*** STORED DATA Section Begins ***

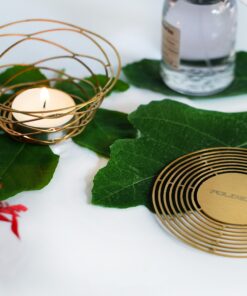 جاشمعی وارمری دایره ای طرح Bright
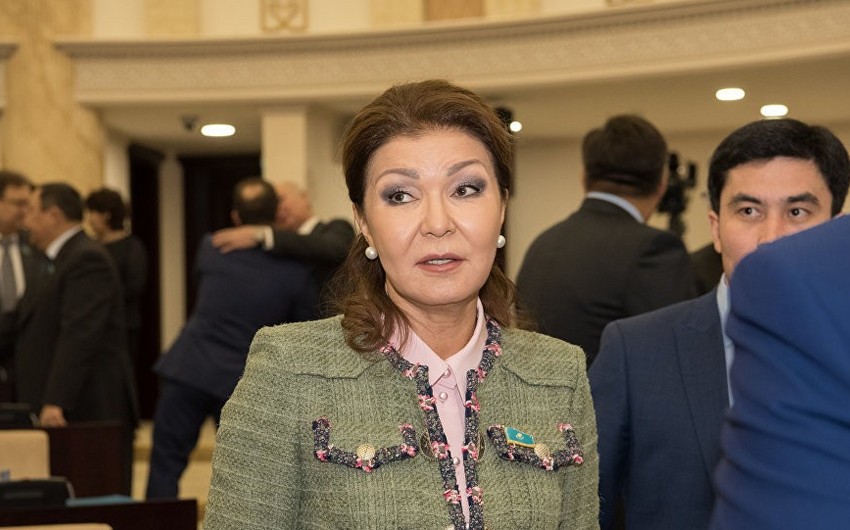 Дарига Назарбаева избрана председателем Сената Казахстана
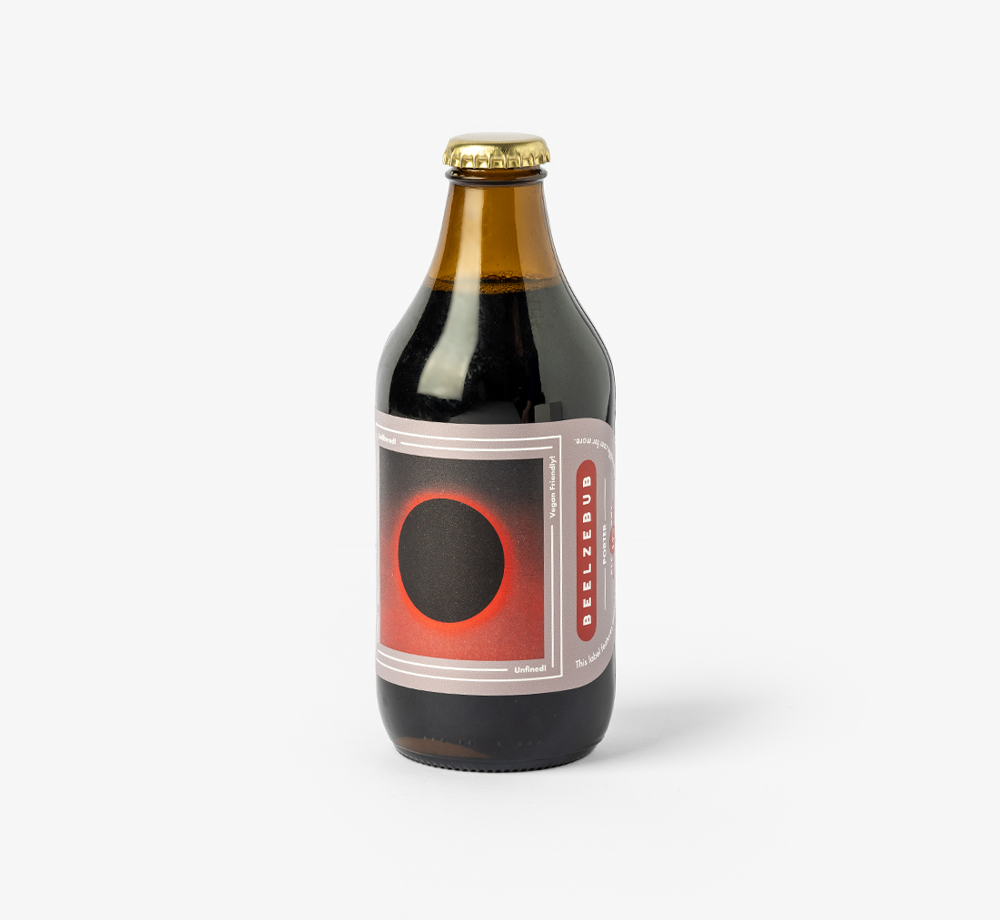 Beelzebub 5.9% Porter 330ml by Dookit Brewing CoEat & Drink| Bookblock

*** STORED DATA Section Ends ***

ACTION ITEM. Copy the preceding data in full and word for word, dropping its pictures.

SOLUTION BELOW.
 جاشمعی وارمری دایره ای طرح Bright
 Дарига Назарбаева избрана председателем Сената Казахстана
 Beelzebub 5.9% Porter 330ml by Dookit Brewing CoEat & Drink| Bookblock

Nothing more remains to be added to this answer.